A school boy, travelling at 3 km/h reaches his school 32 min late, but if he travels at 5 km/h then he reaches his school 28 min early. Find the distance then he travels every day to reach the school ?

To solve the problem, we need to find the distance the school boy travels every day to reach his school. We will use the information given about his travel times at different speeds. ### Step-by-Step Solution: 1. **Define Variables:** Let the distance to the school be \( D \) kilometers. 2. **Calculate Time Taken at Different Speeds:** - When the boy travels at 3 km/h, the time taken to reach school is: \[ \text{Time}_1 = \frac{D}{3} \text{ hours} \] - When he travels at 5 km/h, the time taken is: \[ \text{Time}_2 = \frac{D}{5} \text{ hours} \] 3. **Set Up the Time Difference Equation:** According to the problem: - He is 32 minutes late when traveling at 3 km/h. - He is 28 minutes early when traveling at 5 km/h.
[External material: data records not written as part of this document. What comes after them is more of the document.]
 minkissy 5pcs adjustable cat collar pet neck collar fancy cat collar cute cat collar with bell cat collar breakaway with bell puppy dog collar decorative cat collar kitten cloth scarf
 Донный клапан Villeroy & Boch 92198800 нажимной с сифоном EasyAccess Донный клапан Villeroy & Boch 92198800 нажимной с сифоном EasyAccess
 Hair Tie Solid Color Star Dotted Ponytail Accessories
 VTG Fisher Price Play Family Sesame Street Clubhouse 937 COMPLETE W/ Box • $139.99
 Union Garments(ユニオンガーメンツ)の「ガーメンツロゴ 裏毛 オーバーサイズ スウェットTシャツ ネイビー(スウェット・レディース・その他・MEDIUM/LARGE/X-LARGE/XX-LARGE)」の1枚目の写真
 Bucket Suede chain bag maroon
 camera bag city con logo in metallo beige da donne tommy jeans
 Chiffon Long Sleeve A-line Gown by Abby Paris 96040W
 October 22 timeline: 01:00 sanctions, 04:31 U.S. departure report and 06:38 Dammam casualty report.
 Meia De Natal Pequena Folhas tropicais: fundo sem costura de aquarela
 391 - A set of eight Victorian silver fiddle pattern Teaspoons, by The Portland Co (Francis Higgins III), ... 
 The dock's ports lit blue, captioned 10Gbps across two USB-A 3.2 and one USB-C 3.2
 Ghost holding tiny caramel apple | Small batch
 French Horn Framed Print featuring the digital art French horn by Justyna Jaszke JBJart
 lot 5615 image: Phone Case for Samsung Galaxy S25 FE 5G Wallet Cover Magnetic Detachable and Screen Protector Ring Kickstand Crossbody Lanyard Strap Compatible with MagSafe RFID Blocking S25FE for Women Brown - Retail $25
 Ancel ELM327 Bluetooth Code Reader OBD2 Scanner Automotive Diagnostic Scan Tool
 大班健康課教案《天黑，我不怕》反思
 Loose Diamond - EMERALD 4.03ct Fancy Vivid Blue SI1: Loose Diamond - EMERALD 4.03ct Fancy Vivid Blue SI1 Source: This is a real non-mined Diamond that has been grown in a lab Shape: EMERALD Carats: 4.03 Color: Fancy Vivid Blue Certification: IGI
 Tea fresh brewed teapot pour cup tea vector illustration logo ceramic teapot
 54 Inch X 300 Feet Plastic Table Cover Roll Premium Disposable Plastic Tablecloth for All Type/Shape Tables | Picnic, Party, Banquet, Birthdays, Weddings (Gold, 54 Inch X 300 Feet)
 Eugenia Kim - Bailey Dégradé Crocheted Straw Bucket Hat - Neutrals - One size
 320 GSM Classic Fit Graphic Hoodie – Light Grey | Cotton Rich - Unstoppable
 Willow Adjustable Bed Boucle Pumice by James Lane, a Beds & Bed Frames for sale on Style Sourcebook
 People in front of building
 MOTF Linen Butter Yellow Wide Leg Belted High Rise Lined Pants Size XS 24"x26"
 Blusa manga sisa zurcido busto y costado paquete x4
We can convert these times into hours: - 32 minutes = \( \frac{32}{60} = \frac{8}{15} \) hours - 28 minutes = \( \frac{28}{60} = \frac{14}{30} = \frac{7}{15} \) hours The total time difference between the two scenarios is: \[ \frac{8}{15} + \frac{7}{15} = 1 \text{ hour} \] 4. **Set Up the Equation:** The difference in time taken at the two speeds can be expressed as: \[ \frac{D}{3} - \frac{D}{5} = 1 \] 5. **Find a Common Denominator:** The common denominator for 3 and 5 is 15. Rewrite the equation: \[ \frac{5D}{15} - \frac{3D}{15} = 1 \] Simplifying gives: \[ \frac{2D}{15} = 1 \] 6. **Solve for \( D \):** Multiply both sides by 15: \[ 2D = 15 \] Now, divide by 2: \[ D = \frac{15}{2} = 7.5 \text{ km} \] ### Conclusion: The distance the school boy travels every day to reach the school is **7.5 km**.